PROBLEM DETAILS
Transcribed word for word, the lines below from the one with "#Air1 #OptiSpray #ComingTogetherForCleainAir" through the last line of the records form the answer; no picture is to be included.
======== MATERIAL PROVIDED
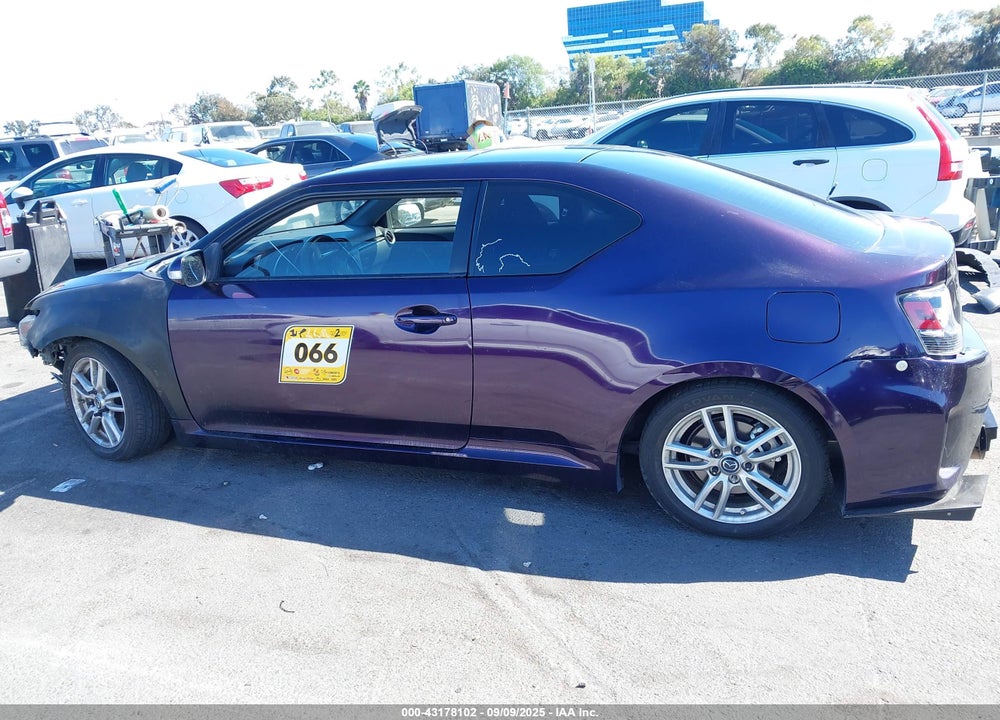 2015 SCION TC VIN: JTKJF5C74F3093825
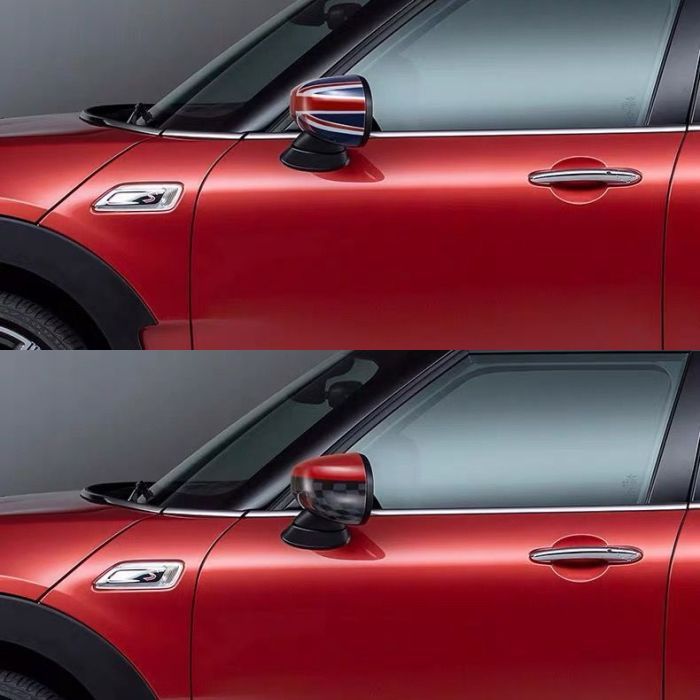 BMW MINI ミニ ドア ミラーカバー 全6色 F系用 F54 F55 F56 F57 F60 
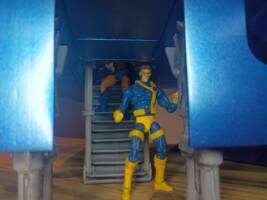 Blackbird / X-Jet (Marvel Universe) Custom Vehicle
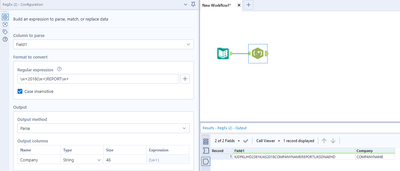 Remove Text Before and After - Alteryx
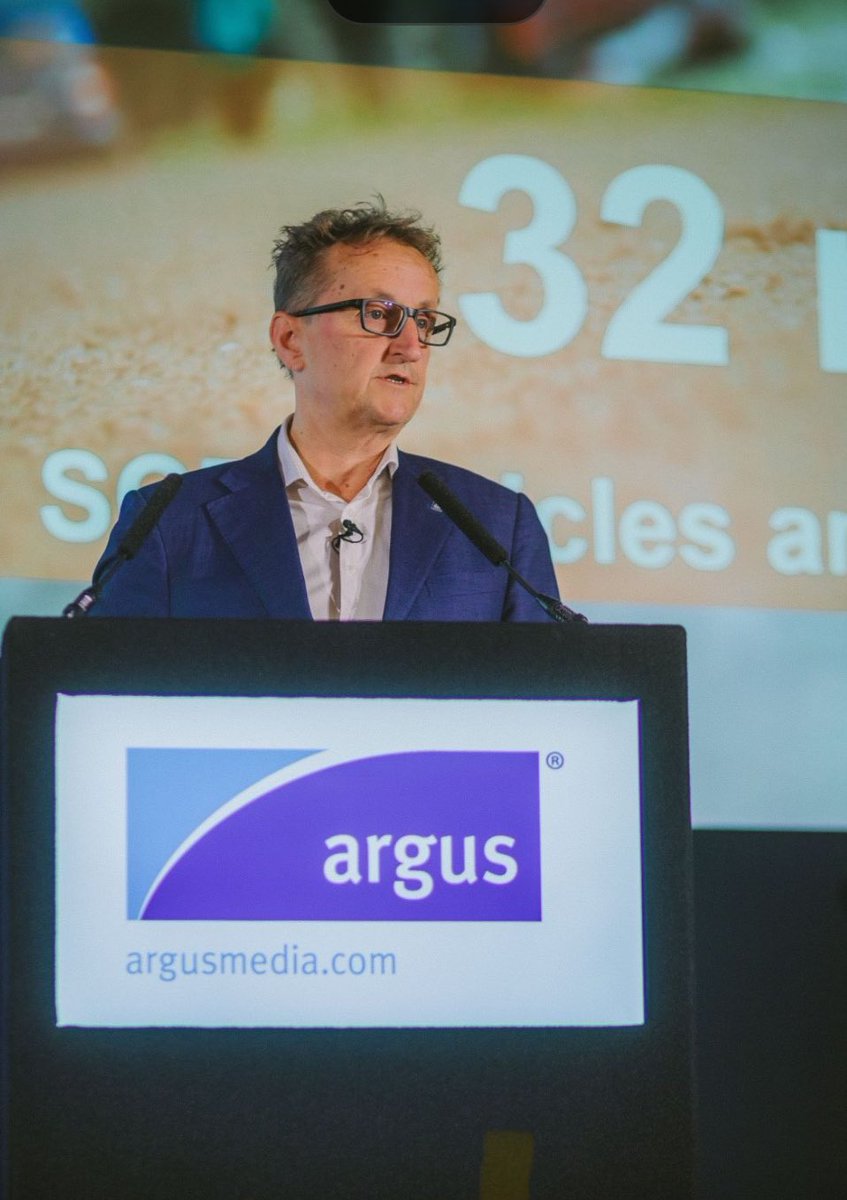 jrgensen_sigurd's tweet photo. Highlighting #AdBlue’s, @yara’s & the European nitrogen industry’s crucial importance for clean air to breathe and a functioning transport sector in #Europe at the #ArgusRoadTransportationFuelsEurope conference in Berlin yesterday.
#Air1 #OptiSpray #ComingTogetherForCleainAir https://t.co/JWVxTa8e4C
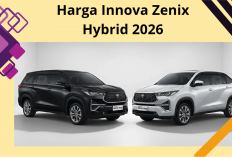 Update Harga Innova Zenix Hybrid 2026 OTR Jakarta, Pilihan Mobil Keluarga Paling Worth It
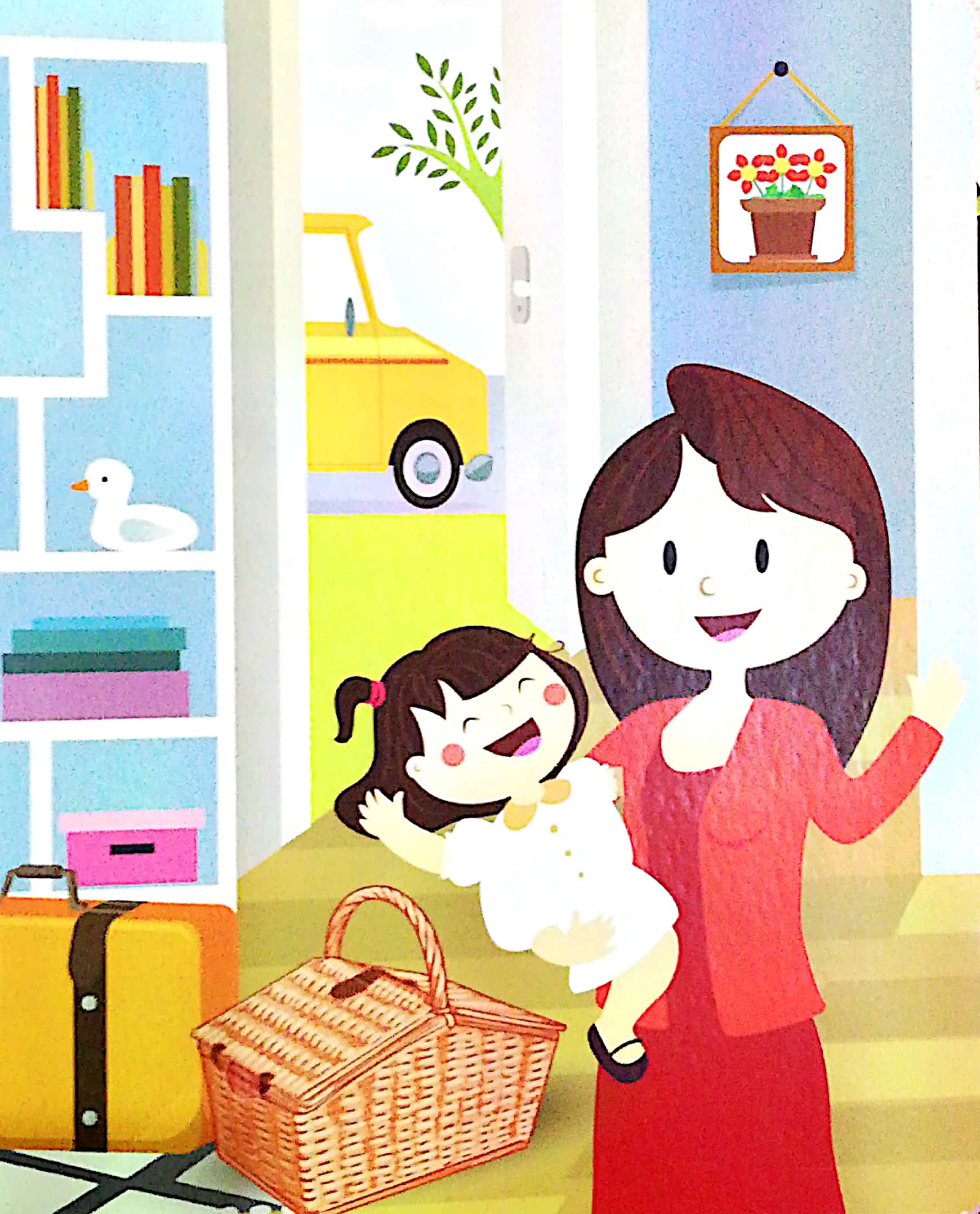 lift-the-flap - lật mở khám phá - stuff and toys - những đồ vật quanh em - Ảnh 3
================
FINISHED TASK
#Air1 #OptiSpray #ComingTogetherForCleainAir https://t.co/JWVxTa8e4C
 Update Harga Innova Zenix Hybrid 2026 OTR Jakarta, Pilihan Mobil Keluarga Paling Worth It
 lift-the-flap - lật mở khám phá - stuff and toys - những đồ vật quanh em - Ảnh 3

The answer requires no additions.